Então eu cá venho, de longe em longe, pagar tributo de nascimento. A ver o Douro encrespar-se ao mar, espreitar furtivo e malicioso as pernas das pontes todas que o vão cruzando. O casario a vê-lo passar, espreitando-o por mil janelas, ora dourado, a fazer jus ao nome, ora eivado de tons de azul, em diálogo de nuvens, e carreando barcos que levam tantos turistas quantas as pipas que, antes, traziam.

Rabelos sem velas desvendam as tuas margens, mas não mostram os teus segredos. As carqueijeiras a penar íngremes ladeiras. A canalha a mergulhar no rio à cata das cinco coroas lançadas por mão pródiga, quando não do mísero tostão. O vozear das crianças, nas «ilhas», a modos que creches de aflição, ou o menino de pé descalço que cantava, pelas esquinas, acompanhado pelo pai, com uma guitarra velha, e vendendo as letras, para arrecadar os tostões da sobrevivência. As lavadeiras a ensaboar as tuas águas de conversas brejeiras e palavrão de exorcizar pecados velhos, a perna ao léu que tinha sempre mirones a apreciar. As cheias, que subiam pelas casas acima, na zona ribeirinha, e que eram tanto espectáculo como aflição de rotina.
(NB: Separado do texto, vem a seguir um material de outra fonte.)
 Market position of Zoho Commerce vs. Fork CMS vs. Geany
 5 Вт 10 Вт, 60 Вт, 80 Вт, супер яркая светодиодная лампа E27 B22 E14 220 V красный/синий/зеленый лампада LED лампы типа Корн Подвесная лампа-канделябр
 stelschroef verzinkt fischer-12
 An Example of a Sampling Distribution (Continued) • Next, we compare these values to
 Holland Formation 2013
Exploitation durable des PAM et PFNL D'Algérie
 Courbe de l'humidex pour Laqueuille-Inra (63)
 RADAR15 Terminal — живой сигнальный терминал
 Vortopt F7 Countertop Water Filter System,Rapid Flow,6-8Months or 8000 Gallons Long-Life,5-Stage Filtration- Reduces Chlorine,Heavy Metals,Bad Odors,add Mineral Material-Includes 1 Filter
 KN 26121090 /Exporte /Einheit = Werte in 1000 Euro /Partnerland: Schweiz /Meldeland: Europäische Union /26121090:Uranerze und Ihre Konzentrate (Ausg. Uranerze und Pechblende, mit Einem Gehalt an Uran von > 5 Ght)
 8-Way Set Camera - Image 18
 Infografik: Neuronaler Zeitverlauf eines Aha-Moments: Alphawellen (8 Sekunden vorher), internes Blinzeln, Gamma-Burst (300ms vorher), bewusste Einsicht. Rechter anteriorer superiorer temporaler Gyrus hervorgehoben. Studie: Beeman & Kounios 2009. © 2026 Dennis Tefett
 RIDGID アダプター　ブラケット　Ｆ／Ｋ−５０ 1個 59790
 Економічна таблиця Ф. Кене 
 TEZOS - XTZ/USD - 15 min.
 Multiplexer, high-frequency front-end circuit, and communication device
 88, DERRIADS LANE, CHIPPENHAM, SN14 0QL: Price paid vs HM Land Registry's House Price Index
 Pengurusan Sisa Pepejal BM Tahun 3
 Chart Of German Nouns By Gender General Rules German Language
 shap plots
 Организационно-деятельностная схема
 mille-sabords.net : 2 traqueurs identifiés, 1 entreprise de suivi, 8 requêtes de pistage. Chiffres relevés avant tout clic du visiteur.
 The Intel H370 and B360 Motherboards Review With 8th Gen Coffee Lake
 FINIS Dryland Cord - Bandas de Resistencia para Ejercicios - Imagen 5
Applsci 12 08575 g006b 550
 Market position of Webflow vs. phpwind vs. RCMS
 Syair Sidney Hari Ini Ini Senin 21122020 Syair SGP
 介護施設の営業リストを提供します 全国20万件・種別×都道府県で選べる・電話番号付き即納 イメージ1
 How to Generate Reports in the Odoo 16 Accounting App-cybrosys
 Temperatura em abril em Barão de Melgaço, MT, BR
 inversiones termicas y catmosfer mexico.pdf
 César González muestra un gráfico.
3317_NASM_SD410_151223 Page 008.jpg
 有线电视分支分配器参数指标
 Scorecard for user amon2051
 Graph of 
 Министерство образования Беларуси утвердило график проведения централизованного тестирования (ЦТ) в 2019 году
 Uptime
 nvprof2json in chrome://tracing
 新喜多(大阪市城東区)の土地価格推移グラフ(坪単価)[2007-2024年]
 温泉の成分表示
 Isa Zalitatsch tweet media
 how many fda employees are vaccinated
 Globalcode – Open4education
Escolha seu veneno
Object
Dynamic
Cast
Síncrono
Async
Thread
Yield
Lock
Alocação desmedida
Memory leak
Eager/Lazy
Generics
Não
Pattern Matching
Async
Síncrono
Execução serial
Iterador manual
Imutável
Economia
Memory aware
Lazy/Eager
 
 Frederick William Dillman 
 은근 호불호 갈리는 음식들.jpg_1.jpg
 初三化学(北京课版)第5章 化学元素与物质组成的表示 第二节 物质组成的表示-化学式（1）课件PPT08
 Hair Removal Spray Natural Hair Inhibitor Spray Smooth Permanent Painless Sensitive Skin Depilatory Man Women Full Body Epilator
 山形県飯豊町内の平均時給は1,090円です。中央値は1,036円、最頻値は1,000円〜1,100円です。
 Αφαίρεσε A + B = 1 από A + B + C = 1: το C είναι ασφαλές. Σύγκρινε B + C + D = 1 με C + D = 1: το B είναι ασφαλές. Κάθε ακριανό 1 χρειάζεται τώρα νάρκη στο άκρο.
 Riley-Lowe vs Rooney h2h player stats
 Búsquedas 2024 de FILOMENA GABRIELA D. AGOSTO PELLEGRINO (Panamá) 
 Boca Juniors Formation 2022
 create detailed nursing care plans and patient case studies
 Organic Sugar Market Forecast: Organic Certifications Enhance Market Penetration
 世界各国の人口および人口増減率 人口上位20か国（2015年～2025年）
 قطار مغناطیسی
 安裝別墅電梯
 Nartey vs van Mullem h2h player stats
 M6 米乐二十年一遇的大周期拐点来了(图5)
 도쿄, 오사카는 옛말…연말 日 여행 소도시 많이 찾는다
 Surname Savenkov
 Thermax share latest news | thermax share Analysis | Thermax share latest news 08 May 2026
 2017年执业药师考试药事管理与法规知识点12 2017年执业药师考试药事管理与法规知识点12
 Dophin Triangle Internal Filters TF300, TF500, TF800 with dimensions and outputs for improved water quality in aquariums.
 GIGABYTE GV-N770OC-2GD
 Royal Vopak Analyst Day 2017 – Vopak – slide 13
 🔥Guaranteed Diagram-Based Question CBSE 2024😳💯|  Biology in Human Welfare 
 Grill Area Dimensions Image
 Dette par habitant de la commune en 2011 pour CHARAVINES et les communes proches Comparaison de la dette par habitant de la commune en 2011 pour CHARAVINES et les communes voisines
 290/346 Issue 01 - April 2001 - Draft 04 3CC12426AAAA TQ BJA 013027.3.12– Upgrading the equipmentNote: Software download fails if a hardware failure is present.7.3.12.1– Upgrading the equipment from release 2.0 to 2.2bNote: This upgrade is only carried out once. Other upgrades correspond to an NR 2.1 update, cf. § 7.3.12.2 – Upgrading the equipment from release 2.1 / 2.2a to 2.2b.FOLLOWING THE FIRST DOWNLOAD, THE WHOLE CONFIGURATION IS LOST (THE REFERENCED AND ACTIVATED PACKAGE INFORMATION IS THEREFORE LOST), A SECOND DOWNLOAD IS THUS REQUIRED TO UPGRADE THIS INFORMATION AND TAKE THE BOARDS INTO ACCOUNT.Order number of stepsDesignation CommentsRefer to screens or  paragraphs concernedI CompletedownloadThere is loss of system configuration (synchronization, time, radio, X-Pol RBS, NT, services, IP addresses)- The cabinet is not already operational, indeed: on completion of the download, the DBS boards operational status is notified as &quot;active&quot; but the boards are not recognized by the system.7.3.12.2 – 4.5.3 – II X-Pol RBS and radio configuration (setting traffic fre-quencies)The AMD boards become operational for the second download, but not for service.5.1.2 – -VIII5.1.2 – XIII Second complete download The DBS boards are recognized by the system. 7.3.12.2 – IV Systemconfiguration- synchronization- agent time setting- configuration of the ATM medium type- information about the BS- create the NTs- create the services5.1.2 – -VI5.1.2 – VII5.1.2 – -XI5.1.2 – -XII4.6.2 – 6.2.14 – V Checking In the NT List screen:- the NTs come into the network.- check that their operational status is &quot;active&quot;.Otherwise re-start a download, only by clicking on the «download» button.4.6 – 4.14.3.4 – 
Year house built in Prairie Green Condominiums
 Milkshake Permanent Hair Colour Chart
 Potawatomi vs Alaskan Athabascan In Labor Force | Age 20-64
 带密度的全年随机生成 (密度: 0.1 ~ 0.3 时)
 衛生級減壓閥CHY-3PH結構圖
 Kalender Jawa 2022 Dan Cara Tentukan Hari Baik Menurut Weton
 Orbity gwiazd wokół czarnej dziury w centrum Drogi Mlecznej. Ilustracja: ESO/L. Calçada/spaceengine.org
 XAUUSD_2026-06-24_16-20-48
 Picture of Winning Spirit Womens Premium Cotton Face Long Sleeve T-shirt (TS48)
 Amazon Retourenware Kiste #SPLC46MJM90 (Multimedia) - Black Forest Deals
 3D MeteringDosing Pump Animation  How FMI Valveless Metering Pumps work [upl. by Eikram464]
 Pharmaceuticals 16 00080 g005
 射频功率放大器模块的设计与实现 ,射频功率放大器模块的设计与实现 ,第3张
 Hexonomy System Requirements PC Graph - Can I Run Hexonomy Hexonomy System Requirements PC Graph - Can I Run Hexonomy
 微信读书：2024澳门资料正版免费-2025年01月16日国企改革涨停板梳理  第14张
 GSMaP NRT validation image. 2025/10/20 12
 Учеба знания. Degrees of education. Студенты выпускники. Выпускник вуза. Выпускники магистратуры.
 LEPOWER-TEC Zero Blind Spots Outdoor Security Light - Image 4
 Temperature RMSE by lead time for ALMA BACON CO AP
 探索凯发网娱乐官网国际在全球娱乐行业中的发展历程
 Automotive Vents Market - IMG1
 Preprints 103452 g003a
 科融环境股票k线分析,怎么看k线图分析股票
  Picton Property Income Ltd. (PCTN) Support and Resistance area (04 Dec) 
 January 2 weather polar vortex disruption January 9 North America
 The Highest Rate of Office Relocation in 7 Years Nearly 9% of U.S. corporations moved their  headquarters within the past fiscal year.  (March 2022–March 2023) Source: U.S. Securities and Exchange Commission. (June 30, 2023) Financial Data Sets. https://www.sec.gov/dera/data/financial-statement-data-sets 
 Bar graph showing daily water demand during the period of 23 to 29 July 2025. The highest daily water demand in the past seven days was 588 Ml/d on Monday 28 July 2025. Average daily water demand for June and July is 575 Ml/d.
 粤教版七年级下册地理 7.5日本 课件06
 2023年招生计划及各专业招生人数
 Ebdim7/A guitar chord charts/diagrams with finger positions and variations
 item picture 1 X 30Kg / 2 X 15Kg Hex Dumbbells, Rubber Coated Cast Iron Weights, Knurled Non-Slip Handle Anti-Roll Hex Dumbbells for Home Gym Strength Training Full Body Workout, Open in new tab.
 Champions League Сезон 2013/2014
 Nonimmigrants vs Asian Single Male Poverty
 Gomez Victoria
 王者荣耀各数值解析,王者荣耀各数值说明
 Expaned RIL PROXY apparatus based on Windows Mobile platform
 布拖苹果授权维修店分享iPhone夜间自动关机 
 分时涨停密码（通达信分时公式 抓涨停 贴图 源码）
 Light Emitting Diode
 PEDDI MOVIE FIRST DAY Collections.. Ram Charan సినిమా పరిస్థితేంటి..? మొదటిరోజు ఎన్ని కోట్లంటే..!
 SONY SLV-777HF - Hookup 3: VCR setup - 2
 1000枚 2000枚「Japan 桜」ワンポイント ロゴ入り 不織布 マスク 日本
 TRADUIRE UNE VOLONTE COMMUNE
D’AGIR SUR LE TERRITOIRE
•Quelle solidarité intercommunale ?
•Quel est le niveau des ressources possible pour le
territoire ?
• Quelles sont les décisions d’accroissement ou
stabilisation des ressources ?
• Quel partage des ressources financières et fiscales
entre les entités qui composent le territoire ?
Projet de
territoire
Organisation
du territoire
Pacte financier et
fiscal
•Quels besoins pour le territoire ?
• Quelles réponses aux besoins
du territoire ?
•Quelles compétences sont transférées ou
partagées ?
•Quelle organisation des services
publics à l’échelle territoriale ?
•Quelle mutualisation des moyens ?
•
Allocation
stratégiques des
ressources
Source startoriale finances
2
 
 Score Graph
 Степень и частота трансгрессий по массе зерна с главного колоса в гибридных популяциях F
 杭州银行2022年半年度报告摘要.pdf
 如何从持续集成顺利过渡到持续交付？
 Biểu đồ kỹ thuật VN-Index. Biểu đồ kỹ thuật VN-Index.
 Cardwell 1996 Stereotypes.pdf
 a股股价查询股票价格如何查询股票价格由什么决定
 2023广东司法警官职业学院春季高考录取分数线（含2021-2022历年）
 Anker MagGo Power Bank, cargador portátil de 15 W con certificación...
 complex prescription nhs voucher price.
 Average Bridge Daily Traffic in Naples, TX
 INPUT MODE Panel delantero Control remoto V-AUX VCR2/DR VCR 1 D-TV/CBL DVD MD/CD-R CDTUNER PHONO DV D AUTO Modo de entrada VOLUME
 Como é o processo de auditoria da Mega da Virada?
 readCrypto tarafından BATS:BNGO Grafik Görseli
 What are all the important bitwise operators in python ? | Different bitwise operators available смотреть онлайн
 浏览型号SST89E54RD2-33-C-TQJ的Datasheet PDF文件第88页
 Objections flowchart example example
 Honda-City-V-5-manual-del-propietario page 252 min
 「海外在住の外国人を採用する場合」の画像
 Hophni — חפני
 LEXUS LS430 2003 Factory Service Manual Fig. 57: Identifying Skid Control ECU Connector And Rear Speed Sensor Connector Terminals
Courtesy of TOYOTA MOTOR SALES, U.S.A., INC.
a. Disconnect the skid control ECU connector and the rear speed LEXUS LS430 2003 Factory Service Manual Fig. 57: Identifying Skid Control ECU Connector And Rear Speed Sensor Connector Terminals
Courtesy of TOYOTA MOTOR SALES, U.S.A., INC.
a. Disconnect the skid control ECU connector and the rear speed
A faina do rio, com o Gastão, pelo meio do enredo, a salvar vidas ou a resgatar corpos…

Quero confessar-te que nada tem de nostalgia esta minha conversa. Mas, mal atravesso uma das várias pontes que me fazem chegar a ti, estas memórias saltam-me, recorrentes. E que lhes hei-de eu fazer? Contrariá-las? Nem pensar… E, depois, eu fazia-me de quê?